To reach the maximum, let \(l\) to be the maximum eigenvalue of \(\Sigma\), denoted by \(\lambda_1\), and choose a eigenvector \(\alpha_1\) correspondingly.

\(\square\)

If we want to get \(k\) principle components, which are mutually irrelevant, i.e. \(\text{cov}(y_i,y_j)=0\) unless \(i=j\), we could have the following conclusion.

Theorem for \(k\) principle components analysis

The \(k\) principle components of \(X\) is determined by a transformation \(T\) defined by

\[ y_i = \alpha_i^T X,\quad i=1,\cdots, k, \]

where \(\alpha_i(i=1,\cdots, k)\) is the eigenvector with respect to the maximum \(k\) eigenvalues of \(\Sigma\).

Proof

We only prove for \(k=2\), the other situation could be deduced by induction.

We aim to find a vector \(\alpha_2\), such that we maximize \(\alpha_2\Sigma \alpha_2\), with a condition \(\alpha_2^T \alpha_2=1, \langle\alpha_2,\alpha_1 \rangle=0\).
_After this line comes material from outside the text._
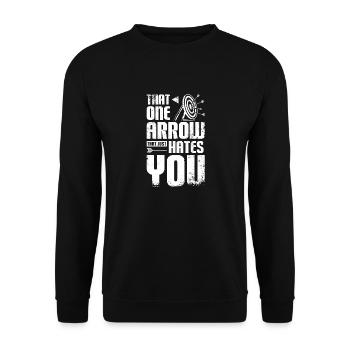 Drôle de tir à l’arc une flèche vous déteste - Sweat-shirt Unisexe - noir - Devant - Alina (178cm) & Michal (187cm)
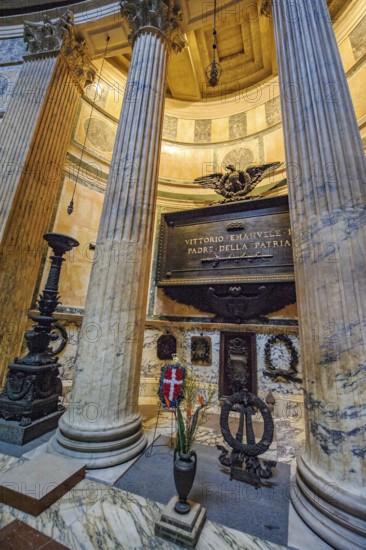 Tomb tomb of King Vittorio Emanuele II of Italy with memorial plaque and inscription Padre della Patria Father of the Fatherland of the Fatherland in ancient Roman temple Pantheon di of Agrippa today church Basilica of Santa Maria ad Martyres, Rome, Lazio, Italy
Take a gradient we have

\[ 2\Sigma \alpha_2 -2l_1 \alpha_2 -l_2 \alpha_1 = \theta. \]

apply inner product with \(\alpha_1\), we have

\[ 2\lambda_1\alpha_2^T\alpha_1-l_2 = 0,\quad \Sigma\text{ is self-adjoint} \]

so \(l_2=0\). Then by the same logic of Theorem for principle component analysis, we also have \(\lambda_2\) to be the second largest eigenvalue of \(\Sigma\). Apparently \(l_2\neq \lambda_1\) otherwise \(\langle\alpha_2,\alpha_1\rangle\neq 0\).

\(\square\)

After transformation to \(Y\in \mathbb{R}^n\), we have an amazing result of total variance of \(Y\)

\[ \sum_{i=1}^n Var(y_i)=\sum_{i=1}^n \lambda_i = \sum_{i=1}^n \sigma_{ii}. \]

which is given by taking the trace of

\[ tr(\Sigma_y) = tr(A^T \Sigma A) = \sum_{i=1}^n (\alpha_i^T \Sigma \alpha_i) = (\lambda_i) \]

and making use of \(\Sigma = A^T \Sigma_y A = A \Sigma_y A^T\).

After choosing \(n\) principle components, we also want to find some relationship between \(y_i\) and \(x_j\).

Factor of Loading

The factor of loading for \(y_i\) with respect to \(x_j\) is defined by

\[ \rho(y_i,x_j)=\frac{\sqrt{\lambda_i}\alpha_{ji}}{\sqrt{\sigma_{jj}}}. \]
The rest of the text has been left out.